Corresponding example Router config

v: 3

identity:

cert: “certs/identity.cert.pem”

server_cert: “certs/internal.chain.cert.pem”

key: “certs/internal.key.pem”

ca: “certs/intermediate-chain.pem”

edge:

csr:

country:

locality:

organization:

organizationalUnit:

sans:

dns:

  • “localhost”

ip:

  • “127.0.0.1”

  • “”

ctrl:

endpoint: tls::80

link:

dialers:

  • binding: transport

listeners:

  • binding: edge

address: tls:0.0.0.0:443

options:

advertise: :443

maxQueuedConnects: 50

maxOutstandingConnects: 100

connectTimeoutMs: 3000

  • binding: tunnel

options:

svcPollRate: 15s

resolver: udp://:53

dnsSvcIpRange: 100.64.0.1/10

lanIf: ens33

Regards,

Robert

1 Like

Awesome feedback. Your feedback was very helpful. Thanks heaps :slight_smile:

In reviewing your config files, one thing that I picked up on this is that port 80 and 443 are used instead of 6262 and 8441 etc.

My understanding is that this prevents port inference… is that correct?

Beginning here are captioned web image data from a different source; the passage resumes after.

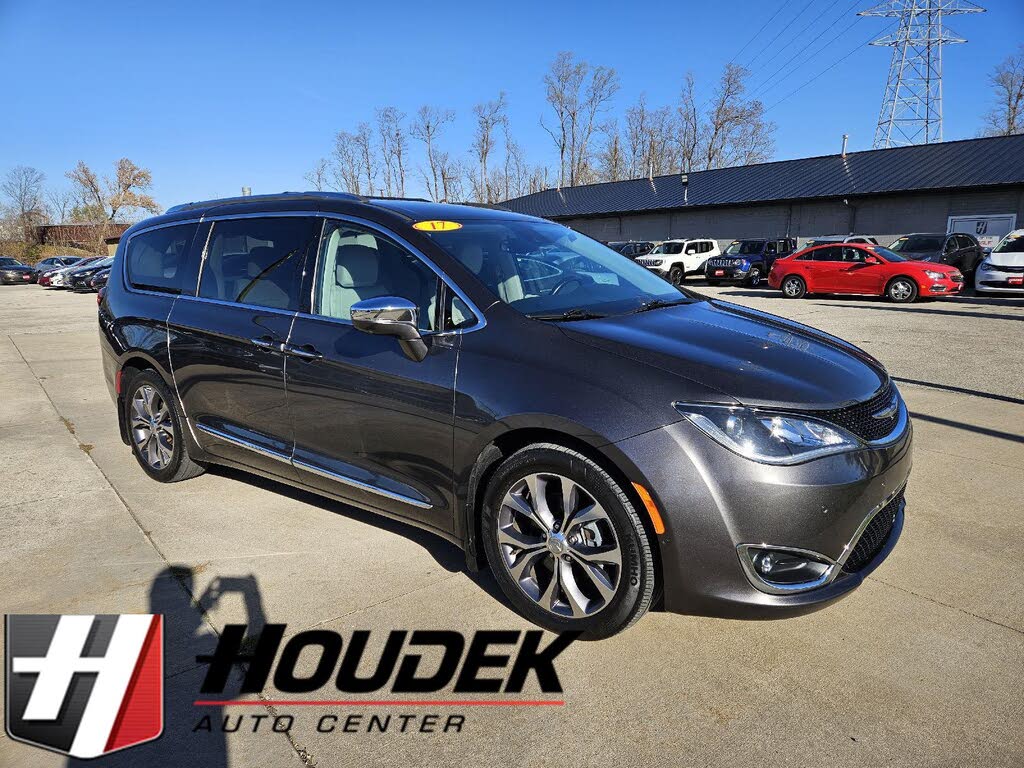 2017 Chrysler Pacifica Limited FWD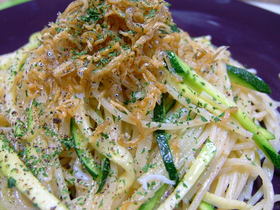しらすとズッキーニのパスタ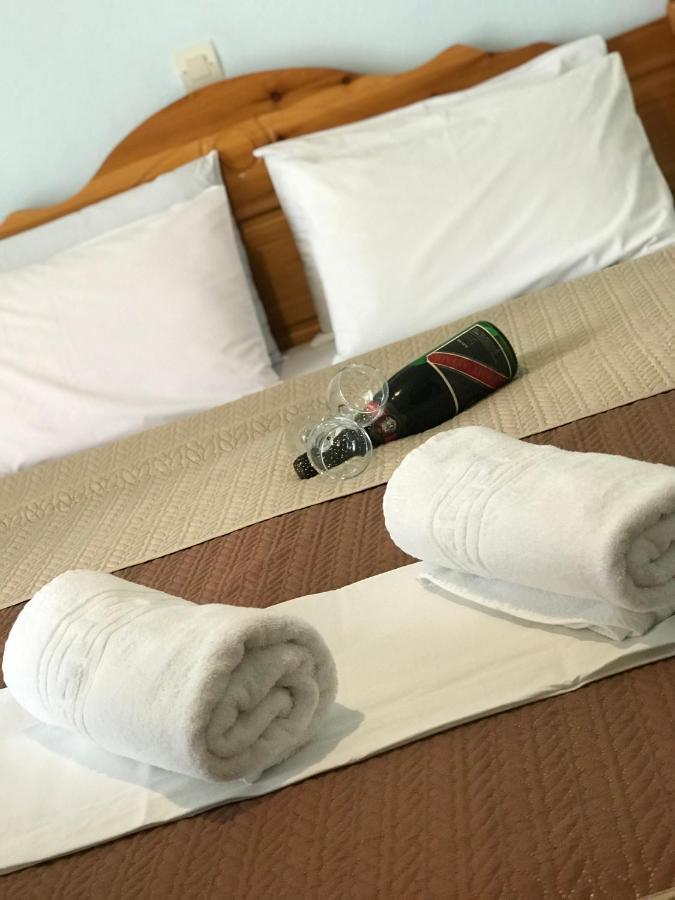 Rena Apartments Аспровалта Екстериор снимка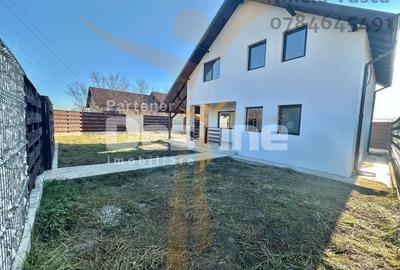 Casă individuală cu 4 camere cu Canalizare în Valea Voievozilor - 3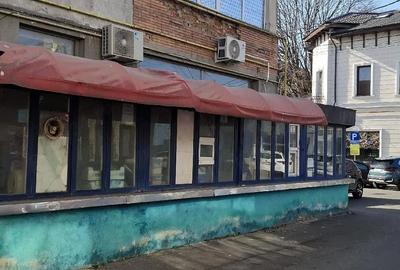 Spațiu comercial, de 103 mp, în Central - 3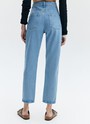 Джинсы Mom fit формируют красивую линию бедра. Слегка свободные, зауженные книзу. Укороченная модель подчеркивает красоту щиколоток. Выполнены из премиального 100% хлопкового денима с авторской варкой и брендированной фурнитурой.

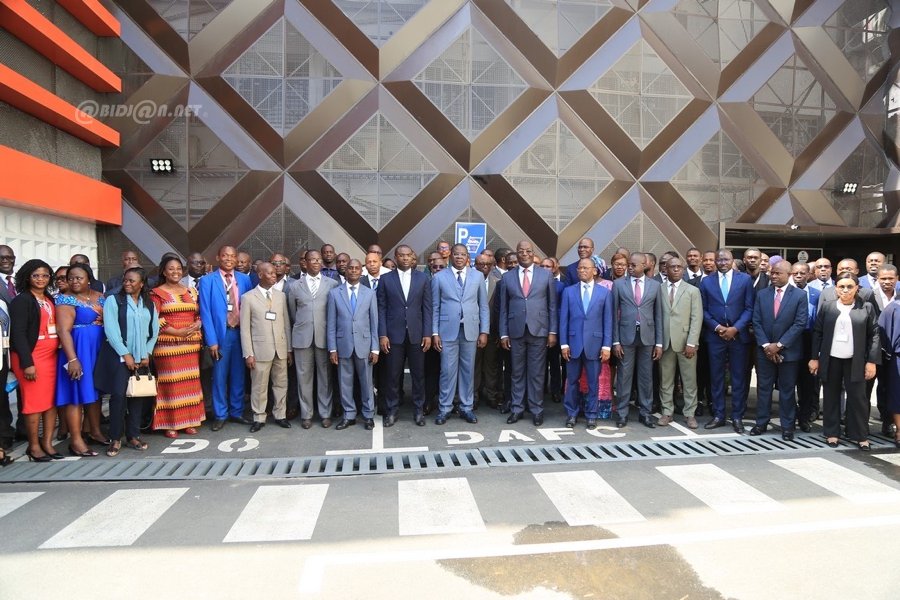 infrastructures-rencontre-d-echanges-entre-le-ministere-et-ses-structures-s_8tok8wvlujc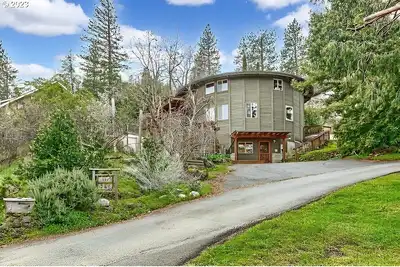 Image de Monthly Single family house just blocks to Ashland's downtown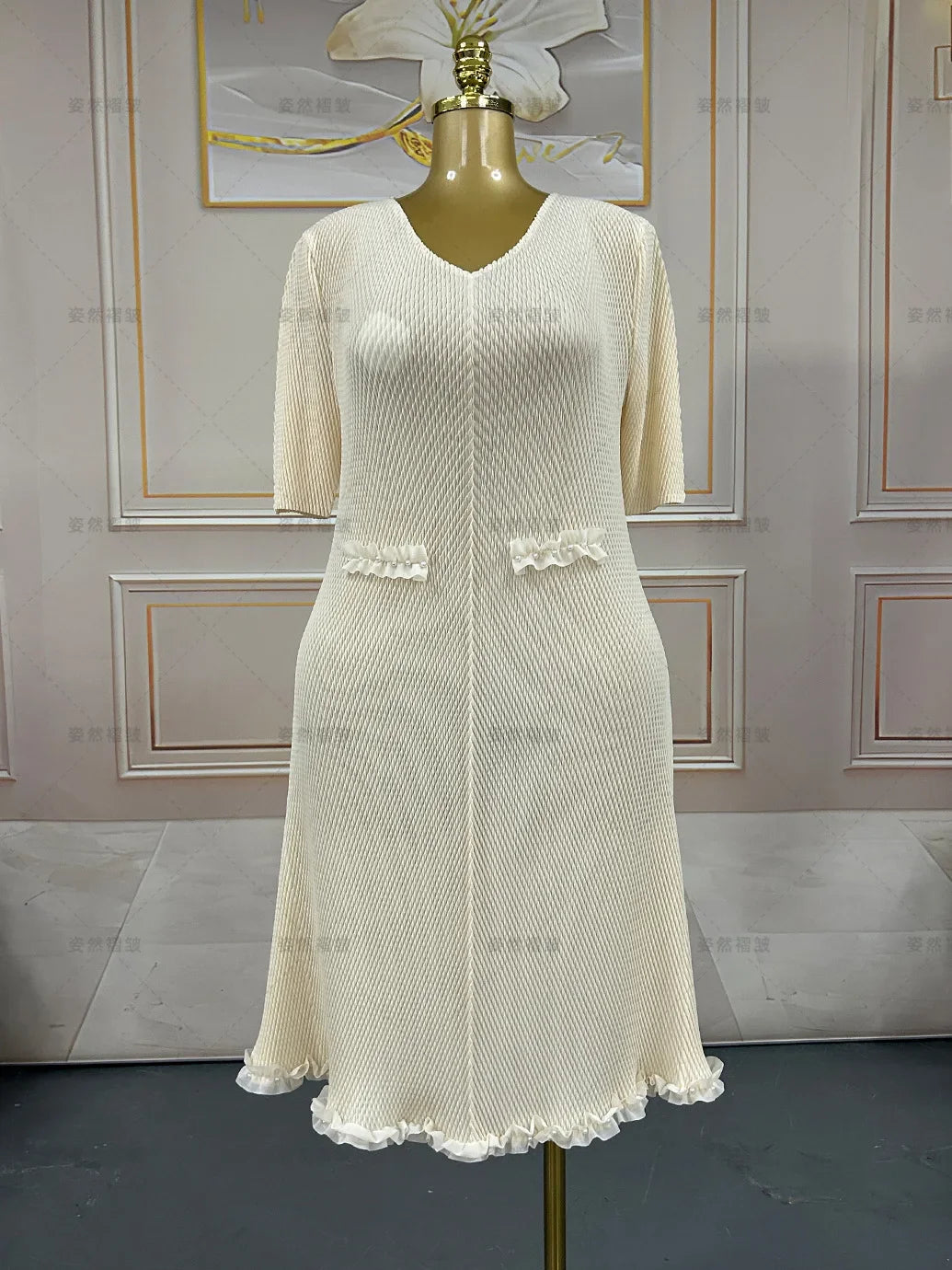 Miyake Pleated Dresses 2026 New Elegant V-Neck Fashion Plus Size Elastic European Women's Elegant Ball Gown Knee-Length Dress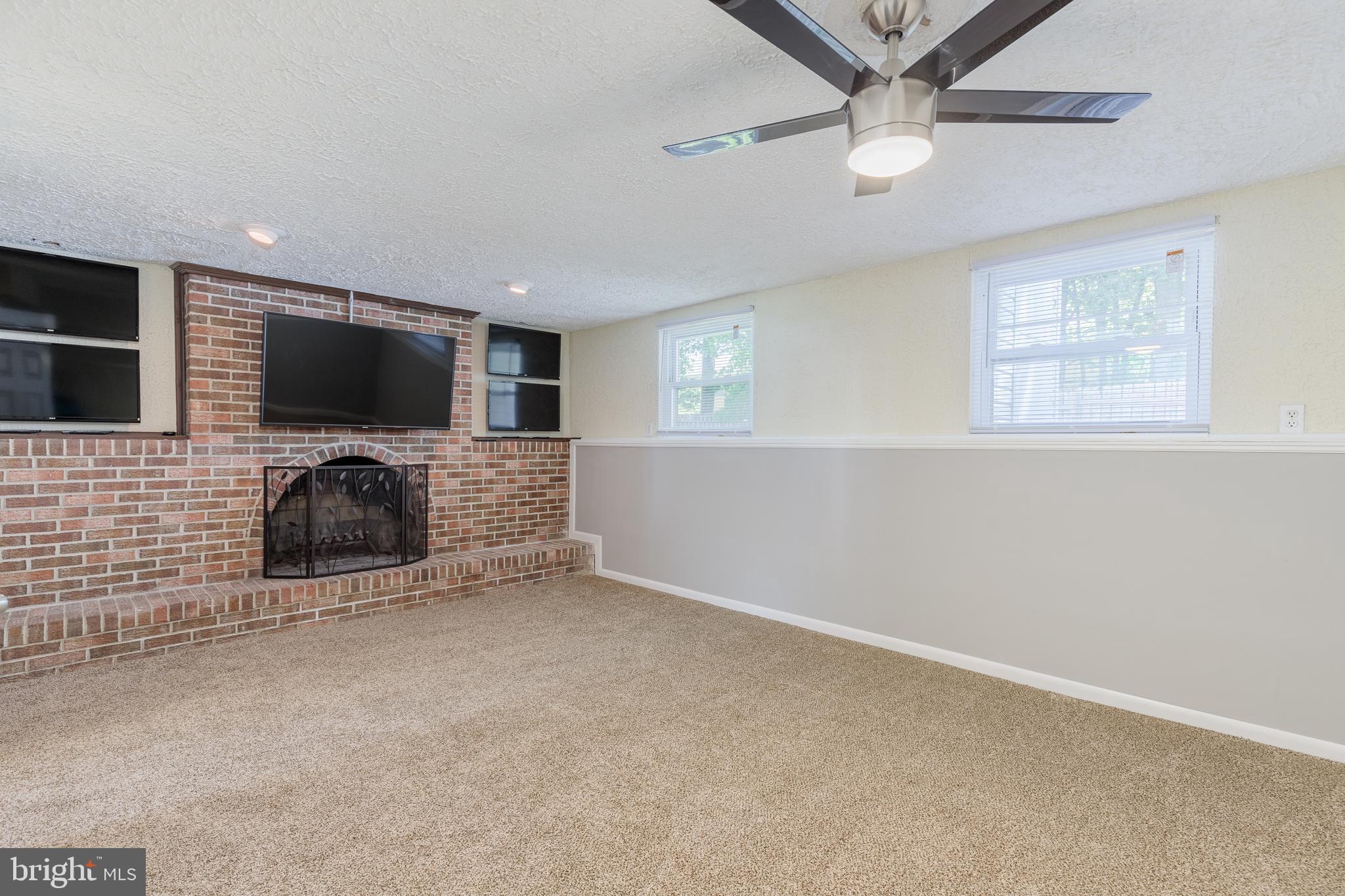 KINGS COURT - Residential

I always wondered how that was configured.

Hi Markamind:

Just example placeholder ports. Replace with ports of your choosing I.e. 6262/8441 as long as they follow the same assignment pattern.

Regards,

Robert

1 Like

After a bit more playing around with this… I think I have a problem with my controller certificate.

After taking a detailed inspection of your post… all I needed to change was to make the port in the ctrl entry the same as the controller. In this case, my controller is setup to use port 6262… which in your case was port 80.

ctrl:

    endpoint: tls:controller-ip-address:6262

However… nothing is that simple for me… as I now get the following error message

“error connecting ctrl (x509: certificate is valid for 127.0.0.1, not controller-ip-address)”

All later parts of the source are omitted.